Problem description:
Leave out the images and repeat the listing below without a single change.
***** Task material
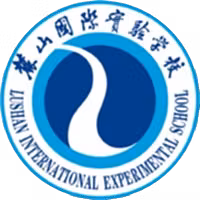 Changsha Lushan International U13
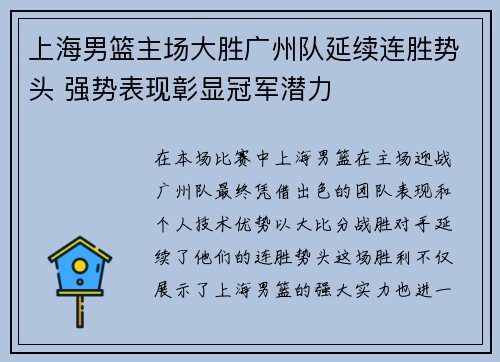 上海男篮主场大胜广州队延续连胜势头 强势表现彰显冠军潜力
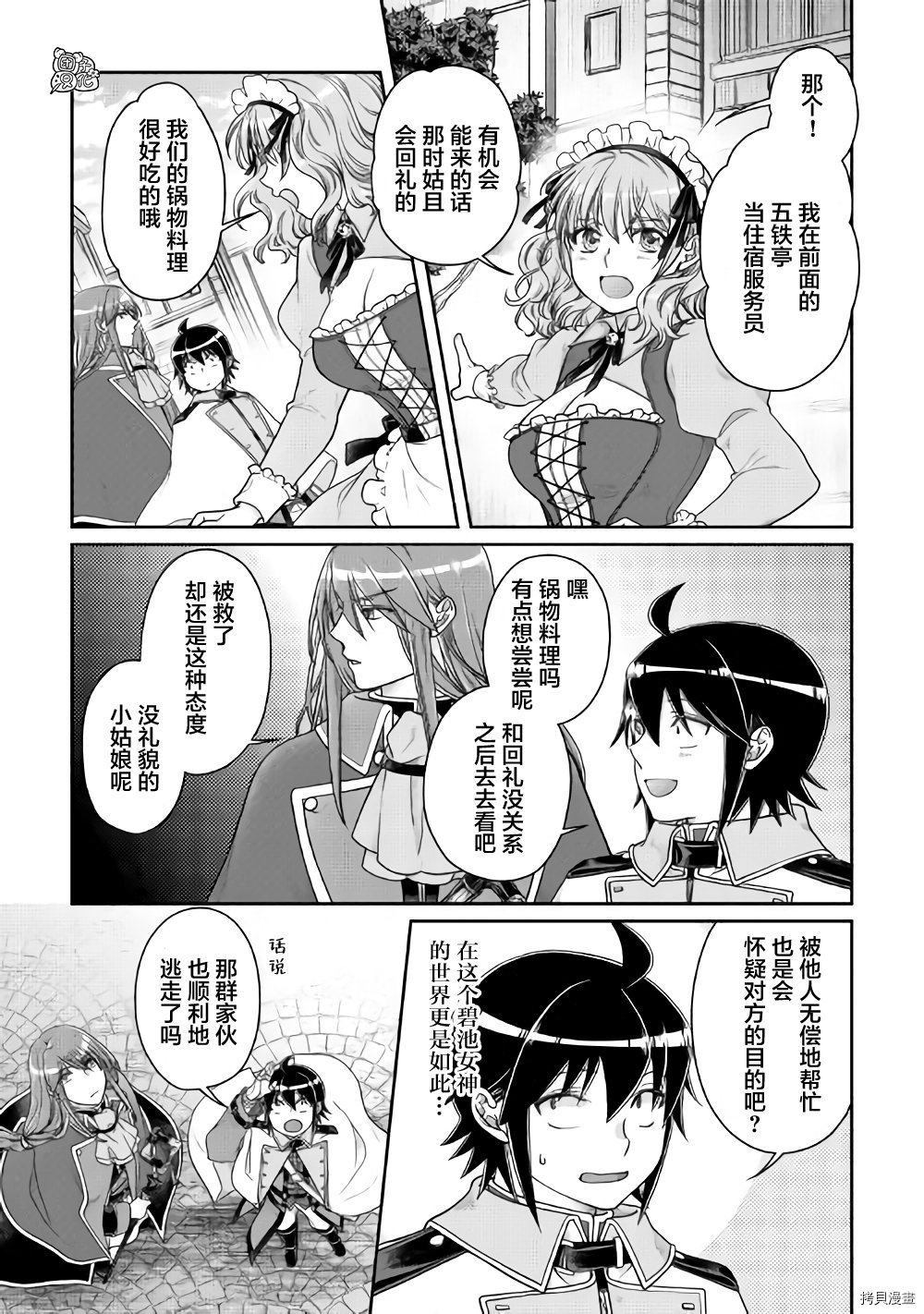 月光下的异世界之旅[拷贝漫画]韩漫全集-第60话无删减无遮挡章节图片 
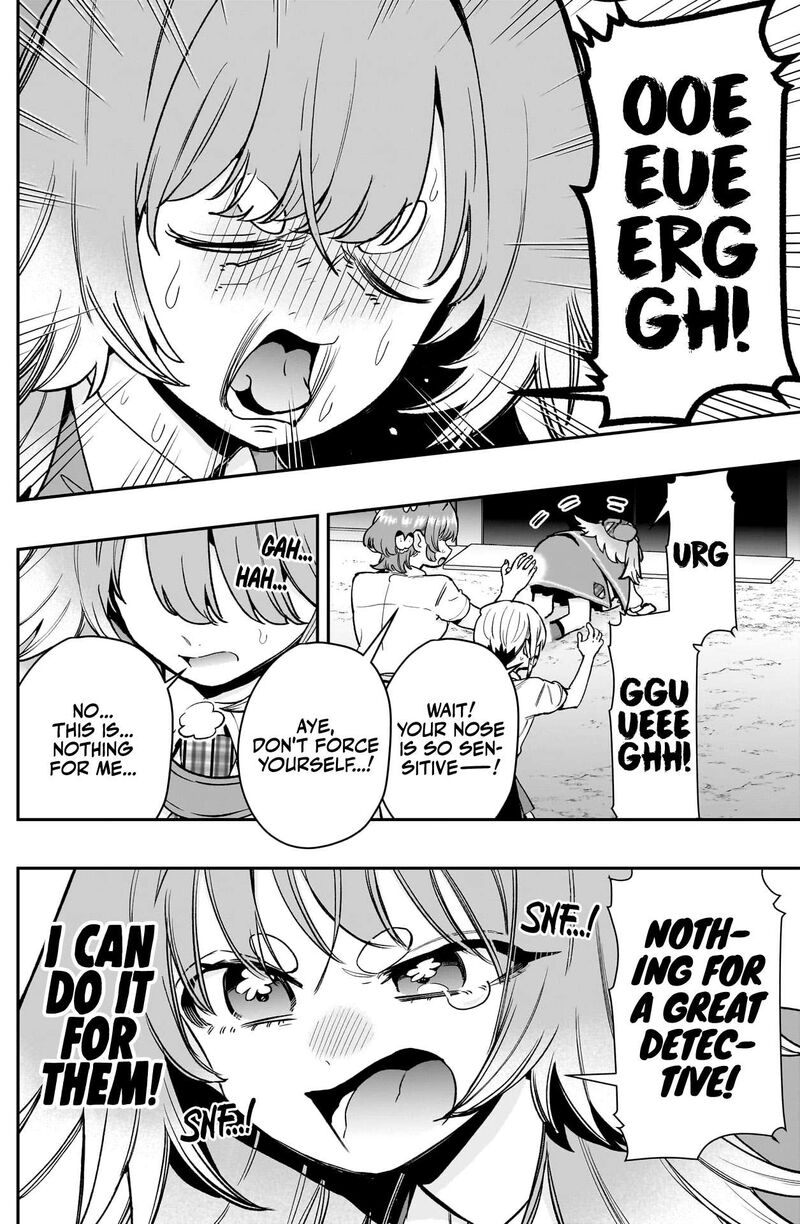 Kimi No Koto Ga Daidaidaidaidai Suki Na 100 Nin No Kanojo 207 7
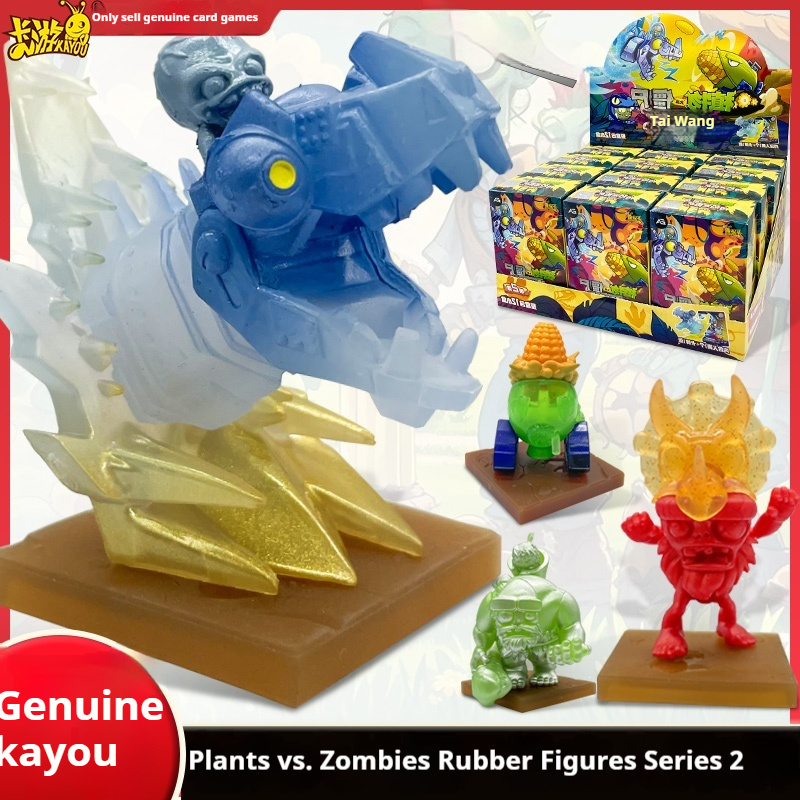 Spot Goods Kayou Doll Genuine  - Kids Zombie Toys 评论和价格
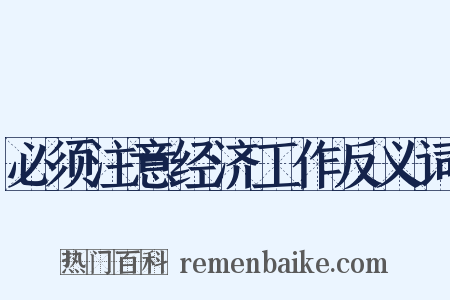 必须注意经济工作反义词是什么意思的图片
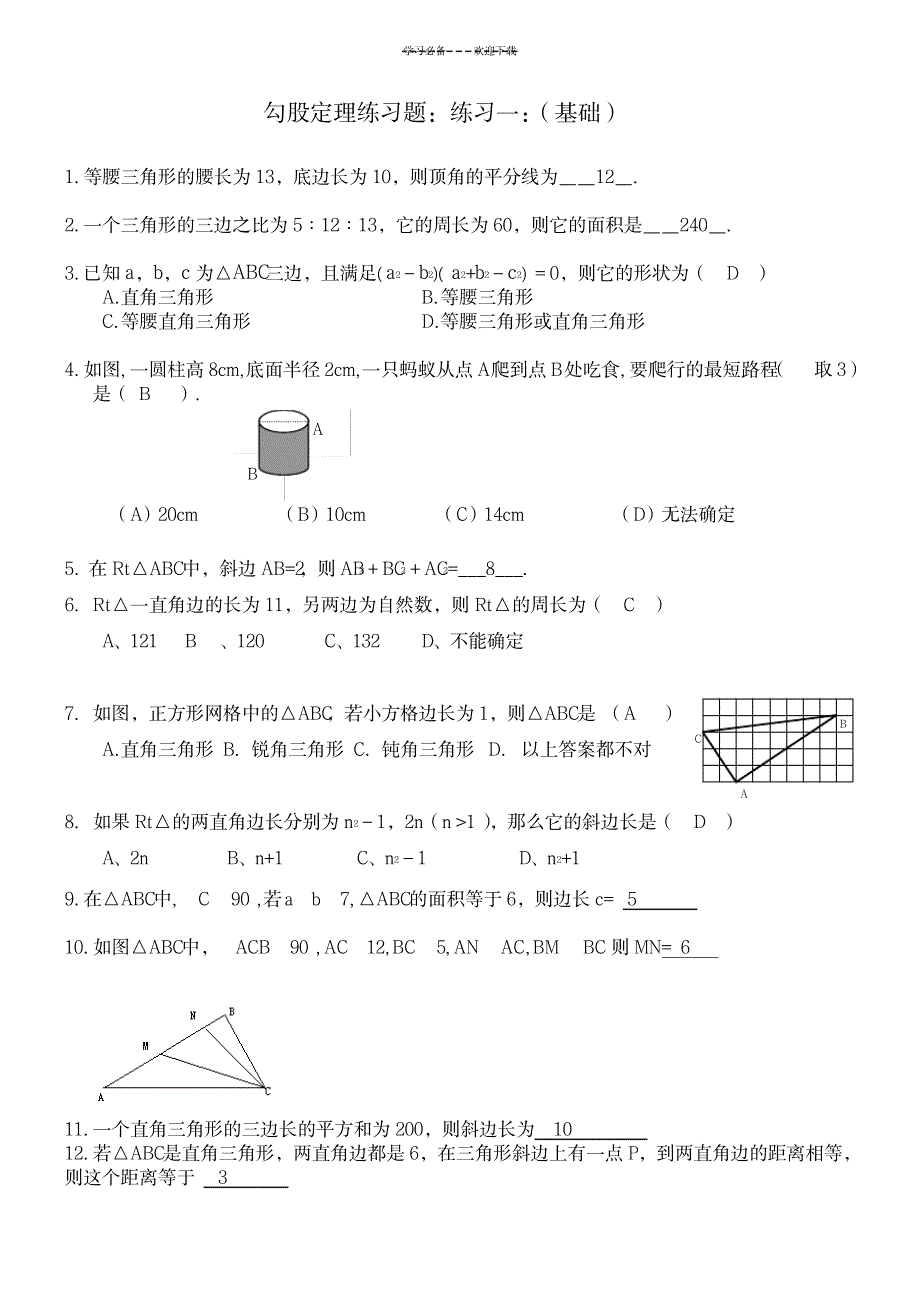 八年级勾股定理练习题_中学教育-中考_第1页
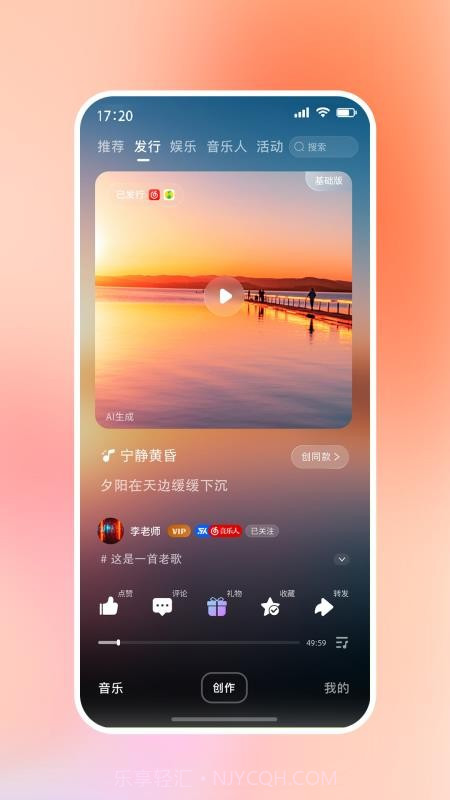啦啦啦音乐免费正版截图5 啦啦啦音乐免费正版截图5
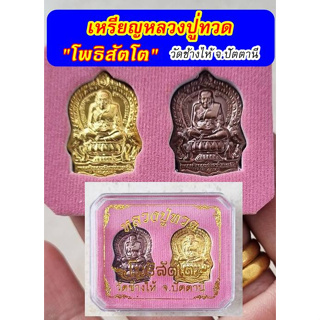 เหรียญหลวงปู่ทวดรุ่นโพธิสัตโต นั่งพานพิมพ์เล็ก วัดช้างให้ จังหวัดปัตตานี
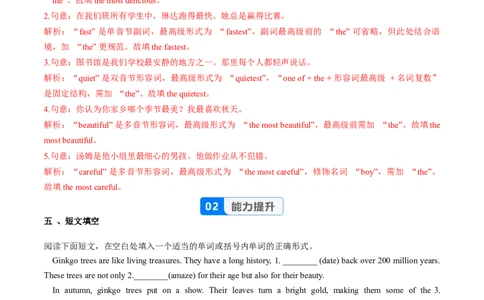 Unit4课时3SectionA（3a-3c）（分层作业）（解析版）_最新人教版英语八年级上册_新版_初中英语8上新更新第一套可选择_06.英语8上-试题_课时分层作业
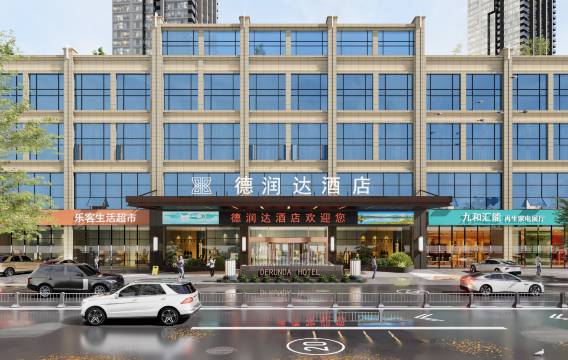 简阳德润达酒店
**********
Answer box:
 Changsha Lushan International U13
 上海男篮主场大胜广州队延续连胜势头 强势表现彰显冠军潜力
 月光下的异世界之旅[拷贝漫画]韩漫全集-第60话无删减无遮挡章节图片 
 Kimi No Koto Ga Daidaidaidaidai Suki Na 100 Nin No Kanojo 207 7
 Spot Goods Kayou Doll Genuine  - Kids Zombie Toys 评论和价格
 必须注意经济工作反义词是什么意思的图片
 八年级勾股定理练习题_中学教育-中考_第1页
啦啦啦音乐免费正版截图5 啦啦啦音乐免费正版截图5
 เหรียญหลวงปู่ทวดรุ่นโพธิสัตโต นั่งพานพิมพ์เล็ก วัดช้างให้ จังหวัดปัตตานี
 Unit4课时3SectionA（3a-3c）（分层作业）（解析版）_最新人教版英语八年级上册_新版_初中英语8上新更新第一套可选择_06.英语8上-试题_课时分层作业
 简阳德润达酒店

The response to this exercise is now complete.